Y seguimos como los cóndores, con cada vuelta más y más alto. Y así hasta que después de casi una hora de disfrutar del viaje, el colectivo aminoró su marcha mientras el guarda dijo: “¿Alguien quiere que paremos en Piedra del Molino?”. 

Levantamos la mano y el Ford estacionó cerca de la mole redonda, como olvidada, allá arriba. Bajamos, nos acercamos a la piedra misteriosa, la palpamos y, después de observarla por todos lados, nos asaltaron las preguntas. 

Quizás las mismas que se hacen todos los que llegan a esos 3.670 metros y se topan con ella, solo acompañada por el silbar del viento, ya que por entonces no estaba el oratorio. Extraviados en nuestros pensamientos estábamos cuando la bocina nos apuró. Era hora de seguir viaje. 

Hicimos un trecho corto y el colectivo estacionó frente a un caserón bajo con galería al frente. Era la que por muchos años se conoció como la “Casa de los Herrera”, una vieja posada donde se podía hacer noche, desayunar, comer, hacer una picada criolla y hasta comprar alguna mercadería. 

La parada duró un cuarto de hora, tiempo suficiente para que en un corral de adobe pudiésemos ver a tres lugareños esquilar con pasmosa práctica y velocidad decenas de ovejas.

Y seguimos viaje. Las curvas, contracurvas y subidas quedaron atrás, pero el camino de ripio aún nos depararía sorpresas. Luego de unos kilómetros en bajada, enfilamos hacia el poniente y, por primera vez, se nos presentó el majestuoso nevado de Cachi. 

Ahí estaba, extendido de norte a sur como una resquebrajada barra de hielo. Nunca habíamos visto un nevado y el espectáculo nos llevó hasta el límite del asombro. De pronto, en una pendiente en bajada divisamos una gran laguna, Cachipampa, por entonces con abundante agua de lluvia. 
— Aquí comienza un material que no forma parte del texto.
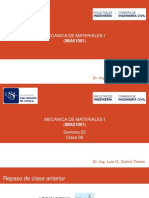 Mecanica de Materiales I (IMA51001) : Dr. Ing. Luis G. Quiroz Torres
Su alrededor parecía un paisaje lunar, hasta que sorpresivamente luego de una lomada la dejamos de ver e ingresamos a Cajoncillo. Ahora el Ford zigzagueaba por un camino que, de golpe, nos había introducido en el Lejano Oeste y donde solo faltaban las carretas, los indios y los “cowboys”. 

En eso, las curvas terminaron e ingresamos a otra recta en bajada que, de nuevo, nos puso cara a cara con el imponente Nevado. Pero al final, otra curva nos mostró, como un hachazo en la tierra, la recta del Tin Tin. 

Estábamos asombrados y maravillados, pues en poca distancia habíamos visto un paisaje lunar, el Lejano Oeste y ahora una recta colmada de cardones y casi infinita. 

A todo esto, el colectivo, levantando polvareda, seguía con su regular traqueteo ganando distancia. Así hasta que llegamos a un lugar donde el campo del Tin Tin se tapizó de color amarillo. Era enero y los amancay (hieronymiella aurea) habían florecido. El guarda de nuevo se paró y preguntó: “¿Alguien quiere recoger flores? Son las únicas del año”, agregó. Paramos y cuatro o cinco pasajeras recogieron algunos manojos. 

Llegando a destino

Salimos del campo del Tin Tin y, bajando del cruce con el camino de La Poma, se nos presentó Payogasta. El camino ingresó por una callecita angosta, sin veredas, con casitas blancas a los costados y un inmenso castillo de barro al fondo. 

Luego de una breve parada, seguimos el viaje entre largas pircas de barro. Más adelante descubrimos el río Calchaquí, en tanto comenzábamos a sentir el aroma de los molles y pájaros bobos. Ahora el camino discurría entre subidas, bajadas, curvas y contracurvas. 

Aparecieron las primeras casas hasta que el Ford comenzó a sofrenar su marcha y de a poco se fue introduciendo en las aguas del río. Pasamos a la otra banda y por un callejón angosto ingresamos a Cachi. A poco, el colectivo estacionó en el hotel El Nevado, junto a un añoso molle de generosa sombra. Nuestro viaje había terminado apenas pasado el mediodía y solo nos faltaba conocer el pueblo y alrededores. Pero esa será otra historia.